We live in a world where everything is changing almost every day, meaning the demand for change is increasing more than ever before. All the businesses are going through heavy competition as to who is the fastest to get into the market. It’s almost become clear now that the fastest win, just like the race! That can be even a start-up creates competition with well established large scale enterprises.
Yes, you get it, an enterprise competing with a startup on speed, are we kidding, we are talking days or weeks in a startup scenario vs months or even years in an enterprise scenario to roll out a product or even a new feature.
Since the born of public cloud providers, almost all of the startups made use of it and already become established using the public cloud, but there are so many enterprises still continuing the journey with uncertainty to move completely into the cloud.
Regardless of the speed world is moving there is always a firm desire to do the right thing without cutting corners, especially around the enterprise. The people in large enterprises who knows how to do the thing right for their enterprise may not go that faster, but they are critical SMEs (Subject Matter Experts) who know all the compliance requirements to make you achieve the goal without creating an accident, just like the breaks in your car!
The projects normally initiated for a speedy delivery within enterprises try to skip the SMEs and often hit a brick wall before going too far. This is because the business risk is not well understood compared to quick business outcomes. There is always a business risk and the key role of SMEs is to reduce the risk that’s palatable to their enterprise and that is not something to be skipped.
Here you go, coming from an engineering background in IT what engineering taught me on engineering compliance is all over in IT and Cloud. I have subsequently for two decades worked in an enterprise environment and understands expectations around the need for speed never newer and in fact, it’s just getting better realised than before with an unlimited number of challenges coming from even startups!
Those who are coming from similar years of experience might remember user stories and iterations and the birth of agile practices with the introduction of eXtreme Programming (XP), continuous integration practices and test-driven development; These are all were trying to solve the very basic problem of moving faster and unfortunately after two decades we are still trying to solve the same problem, just for a change in someone else’s infrastructure and data centre, yes it’s called Cloud!
In Cloud computing, storage, high-speed networking and speed of adoption are very popular, well, in fact, few of the many marketing tactics used by these public cloud providers, but what about compliance the one thing that is enterprise trying to solve for decades? The word compliance is probably the word that most project managers hate, just because their fear of compliance might slow down their project. Even though keeping compliance requirements satisfied so the business risk kept at low better for enterprises most project always try to take short cuts to speed up the delivery. This results in projects trying to skip engaging with SMEs and end up throwing projects over the fence to the operational teams. The operational teams will have no time other than managing technical debts one after another for the rest of their life hence hard to find time to be an SME for a new project, this slows down the new project!

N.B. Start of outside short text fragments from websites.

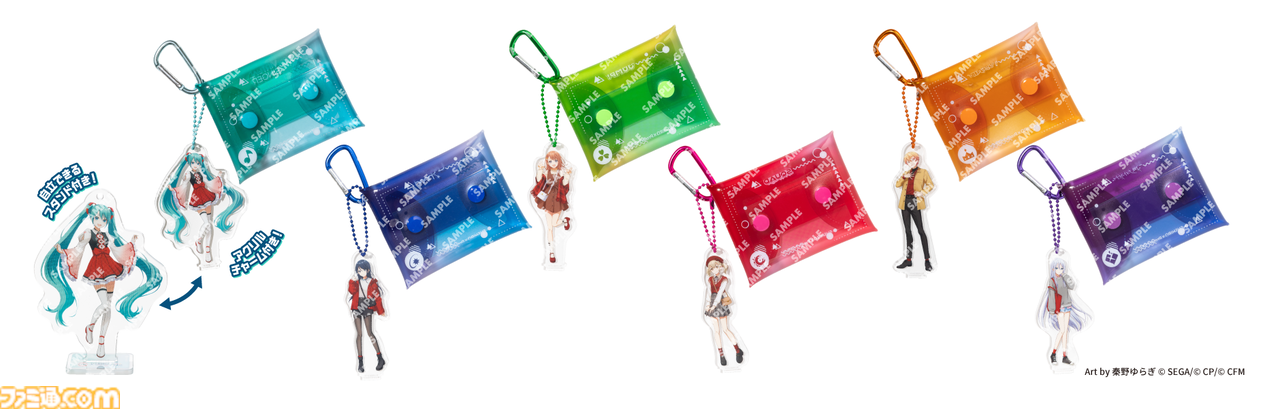 画像ページ (13/16) 『プロセカ』スシローコラボが12月10日より開催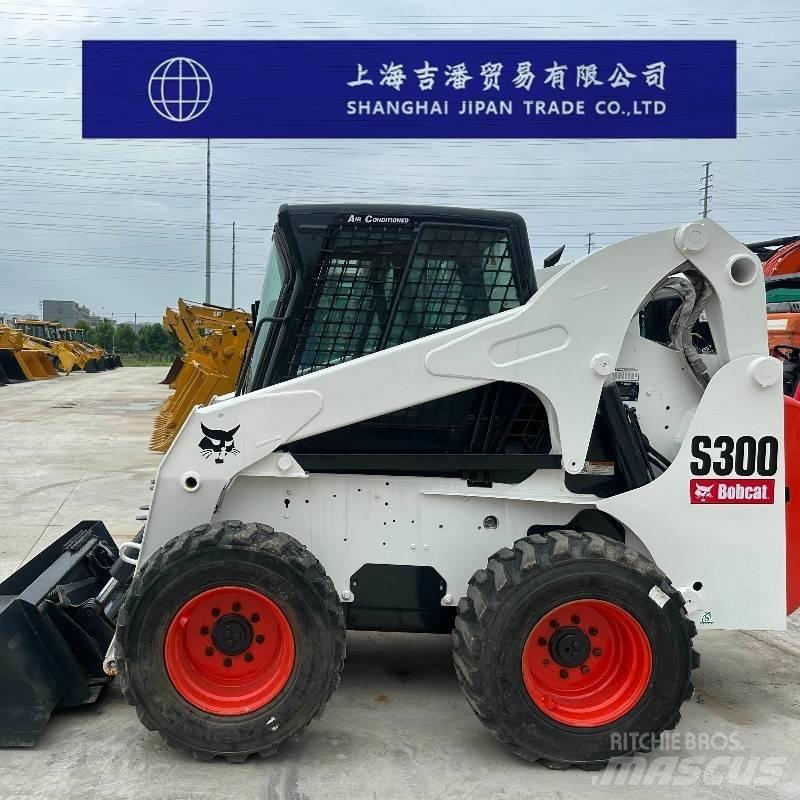 Bobcat S 300 Ładowarki burtowe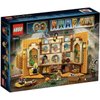 LEGO 76412 Harry Potter Hufflepuff Dormitory Banner Hogwarts Themed Building Kit with Minifigures and Magic Accessories, Gift Idea for Girls and Boys, from 9 Years
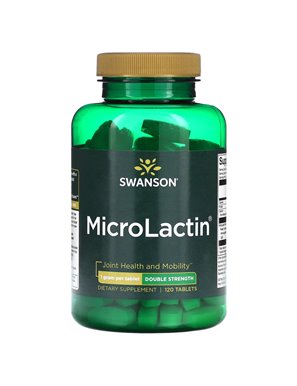 Swanson, MicroLactin, Double Strength, 1g, 120 tablets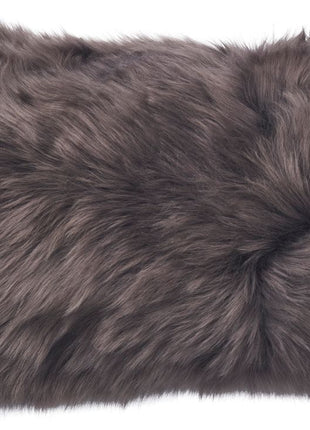 Lammeskindspude | Langhåret | Dobbeltsidet | 25x50 cm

The Cloud providers are providing more than enough tooling to make migration to Cloud fast as possible, but for enterprises, it’s critical to speed up the Cloud Adoption rather than just Cloud Migration. The Cloud Adoption includes but not limited to compliance adoption at scale so that products and features that get migrated to Cloud can be deployed faster and changed faster to meet the current demand.
My initial focus based on my experience gained will be how we engage those key SMEs starting from operational staff to establish the compliance framework and come up with a design for cloud framework that fits the particular enterprise so that we can handle the very old problem of adopting something new without compromising the compliance requirements and delivery timelines.
Knowing the enterprise environment enough is a critical factor to succeed in any adoption journey. This is even critical than knowing or using cool services and tooling provided by cloud providers as until they are successfully adopted into an enterprise these new tools and services are basically no use for the enterprise or their cloud adoption journey.
I would love to hear from all of those who read my blogs if you want to see more (or less), am I missing something or something completely inaccurate, if I am successful in helping just one of the readers of my blogs take their own Enterprise Cloud adoption in the right direction, I would be more than happy 🙂 and keep on blogging for the coming years!